Memórias de um Fotógrafo

Eduardo Leal completa 30 anos de experiência com fotografia automobilística e recorda momentos importantes de sua carreira
Através da lente de um fotógrafo, muitas histórias e momentos importantes têm o privilégio de serem eternizados. Se tornam memórias palpáveis de uma época que ficou para trás, registros que carregam consigo a perspectiva do olhar atento de um profissional apaixonado pelo que faz. Um fotógrafo tem o dom de nos fazer enxergar através de seus olhos, de suas lentes, de sua narrativa, do seu clique preciso. Enquanto alguns veem a fotografia como um hobby, outros enxergam através dela, o seu verdadeiro potencial.
Foi na infância, durante suas idas ao Autódromo Internacional de Tarumã, com o irmão, que Eduardo Leal descobriu precocemente o que gostaria de fazer pelo resto de sua vida. Hoje, prestes a completar 30 anos de carreira, Dudu, como é chamado carinhosamente pela pilotada, recorda alguns momentos que marcaram o início de sua trajetória profissional. “Desde criança eu ia com meu irmão em Tarumã, e com 15 anos, entrei para a sinalização para poder ficar dentro da pista e fotografar com uma Yashica de filme. Foi nessa época que tudo começou. Eu sempre quis fazer fotografia de automobilismo”, conta.

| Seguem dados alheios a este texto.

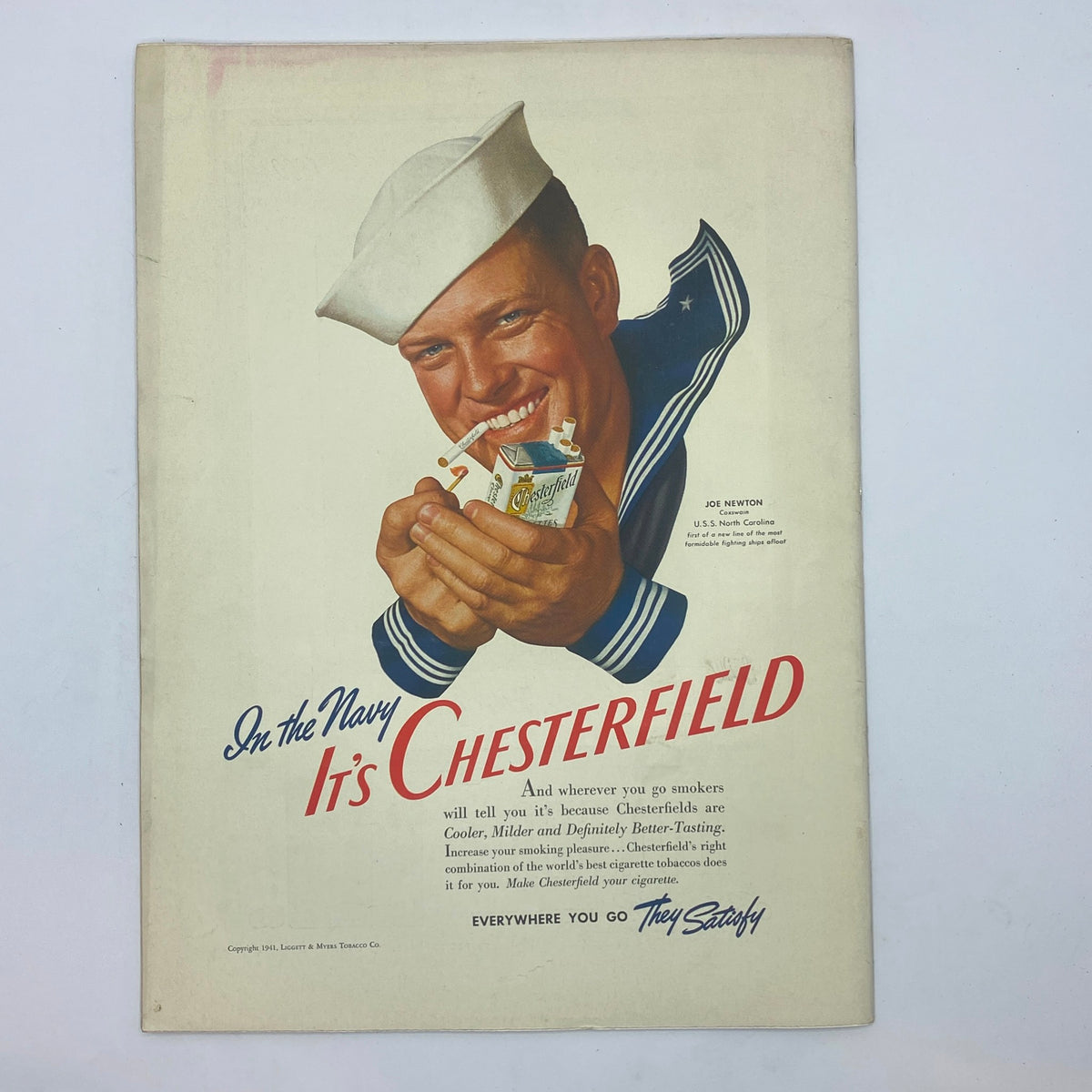 Vintage advertisement from The New Yorker Complete Magazine July 26, 1941 featuring a sailor promoting Chesterfield cigarettes with a cheerful expression.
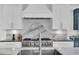 A modern kitchen features a range with a white range hood and marble backsplash, and black countertops at 200 Cordova Ne Blvd, St Petersburg, FL 33704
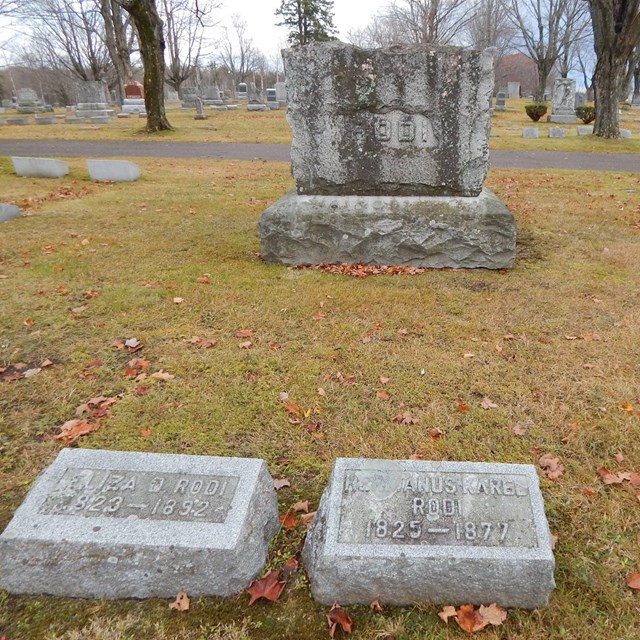Two small grave markers are in front of a large family grave marker labeled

Apesar de ter começado a fazer seus registros com 15 anos, foi aos 18, que Dudu enxergou a fotografia profissionalmente quando começou a trabalhar no jornal Pit Stop. Desde então, nunca mais parou de fotografar. Entre seus cliques pelo Brasil afora tem registros de corridas de motovelocidade, kart, fórmula 1, fórmula Indy, copa truck, turismo 1.4 entre outras competições importantes do automobilismo. Mesmo estando frequentemente nos autódromos e sendo apaixonado pela velocidade, Dudu nunca pensou em ser piloto. “Eu nunca tive curiosidade de pilotar, meu negócio sempre foi tentar a melhor foto. Fotografia para mim é tudo, eu amo fotografar”, diz.
A determinação e o amor pela fotografia sempre fizeram parte da vida de Dudu. Foi exatamente o amor pela profissão que o motivou a continuar após passar por um grande obstáculo. “O maior desafio da minha carreira foi quando tive um incidente com um incêndio na minha casa. Perdi praticamente todo o meu acervo fotográfico. Isso porque, na época, as fotos eram de filme, um produto altamente inflamável, então ali tive que começar do zero. Foi um baque muito grande”, recorda.

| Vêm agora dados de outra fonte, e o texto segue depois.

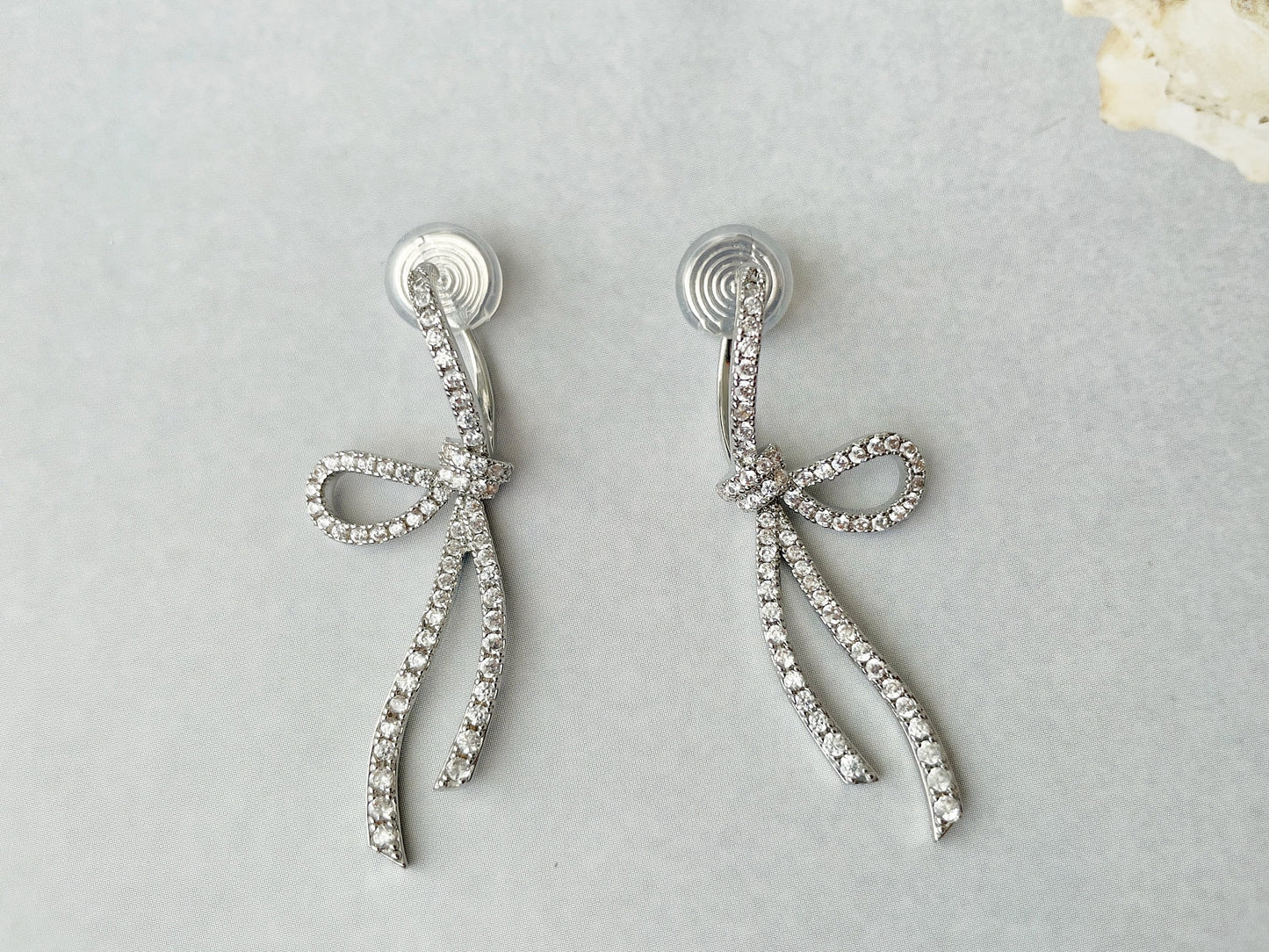 Sparkling CZ Crystal Ribbon Bow Silver Dangle Clip on Earrings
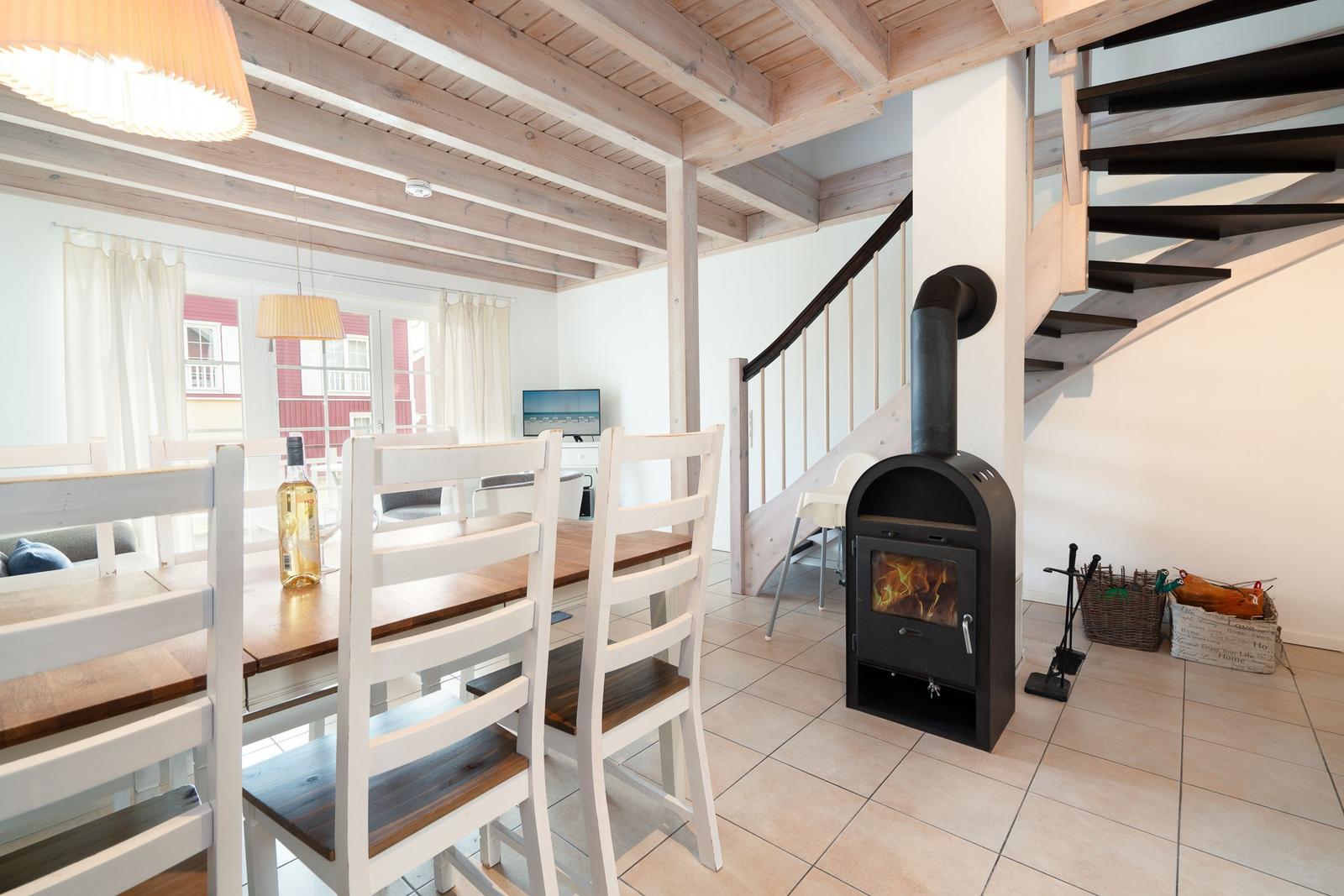 Dining room with wooden table, white chairs, and wood stove. Stairs lead upstairs.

O incidente ocorreu no final da década de 90. Dudu estava fotografando uma corrida de motovelocidade quando recebeu a notícia. “Foi muito complicado, meu filho tinha acabado de nascer, eu estava em uma corrida em Guaporé, e a minha casa era na estrada da Serraria. Quando estava voltando da corrida com o meu filho e a mãe dele, minha mãe e o meu pai pediram para eu passar na casa deles antes, pois queriam falar comigo. Quando cheguei lá, a minha mãe informou que eu havia perdido tudo. Ela contou que havia pegado fogo na minha casa, e que eu havia perdido tudo o que estava no meu escritório. Eu só consegui ir na minha casa no outro dia, porque já era muito tarde. O fogo era tão forte que derreteu até mesmo os troféus que eu tinha do Zé Crebilon, o nosso artista plástico que fez história no automobilismo”, lembra.

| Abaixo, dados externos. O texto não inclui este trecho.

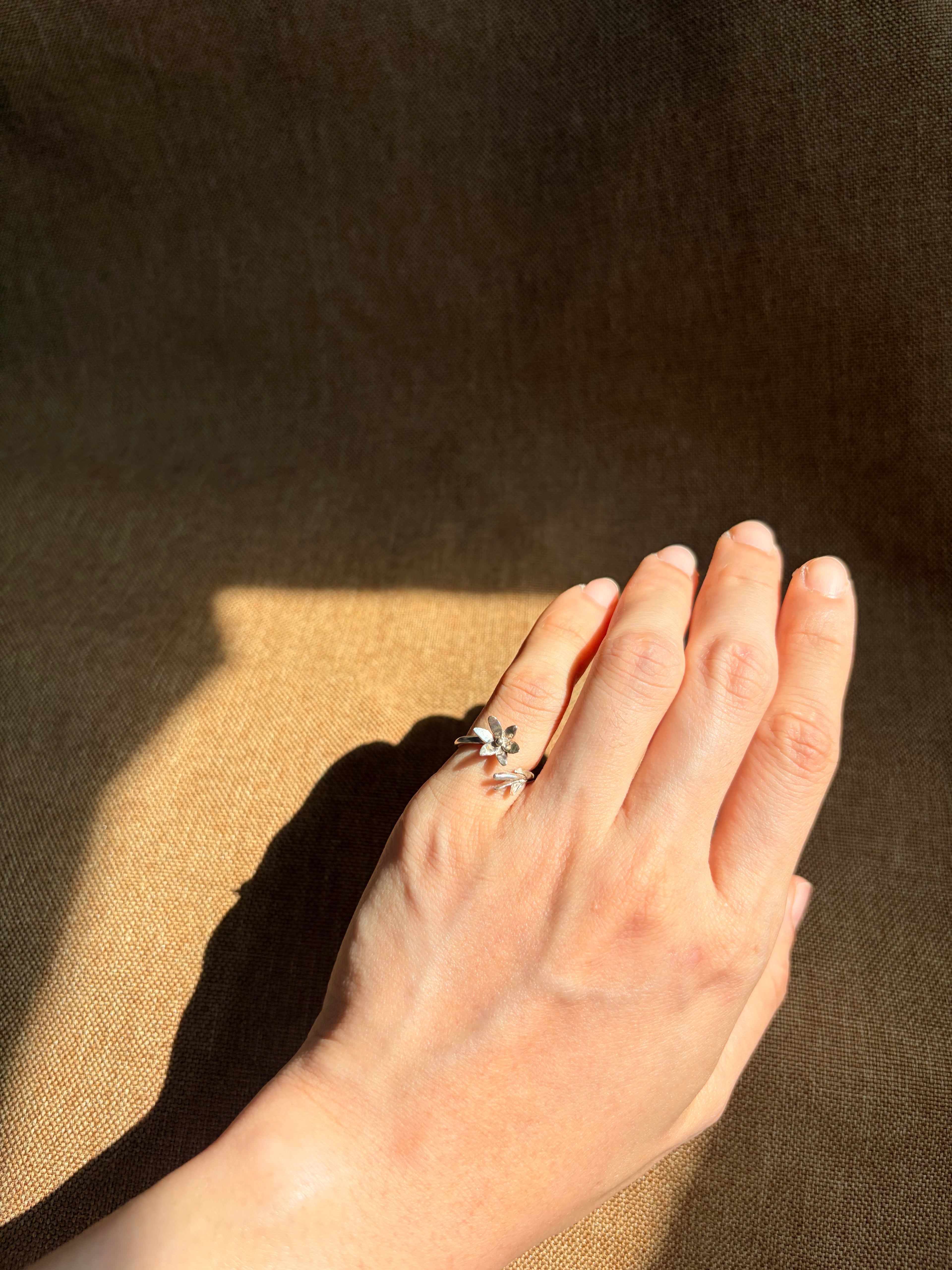 A silver ring with a jasmine floral design worn on a person's hand, set against a dark brown textured background with dramatic sunlight and shadows.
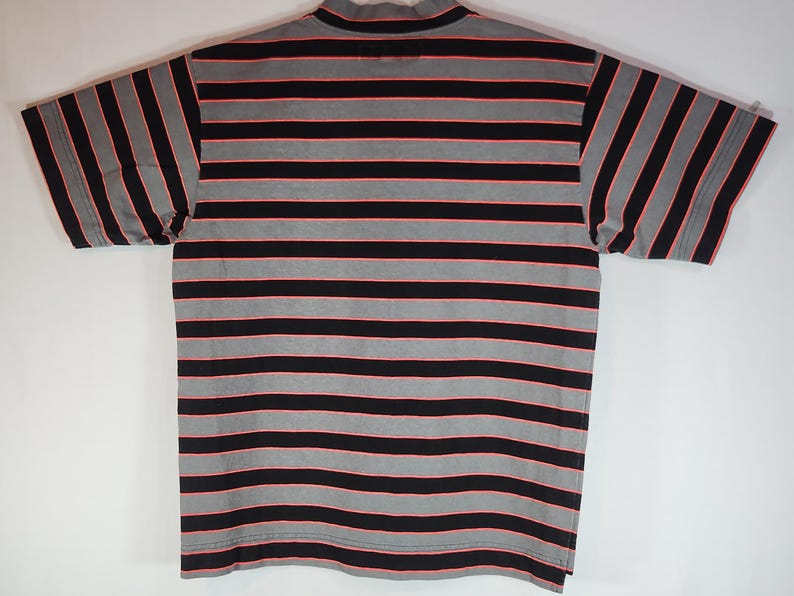 May include: A short-sleeved shirt with a mock turtleneck collar. The shirt features horizontal stripes in black, gray, and red. The shirt is laid flat on a white surface.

Além dos troféus e dos filmes fotográficos, Dudu também perdeu algumas de suas máquinas e lentes. “Perdi muita coisa, a casa como era alugada tinha seguro e eles conseguiram arrumar. Continuei morando lá por alguns anos após o incêndio. Foi um baque muito grande, mas tive apoio da pilotada e eu também era novo, apesar de ter sido terrível, aquilo não me abalou muito. Fiquei chateado por ter perdido o acervo da fórmula 1 e da fórmula Indy. Fiquei apenas com algumas fotos que estavam reveladas daquelas competições”, recorda.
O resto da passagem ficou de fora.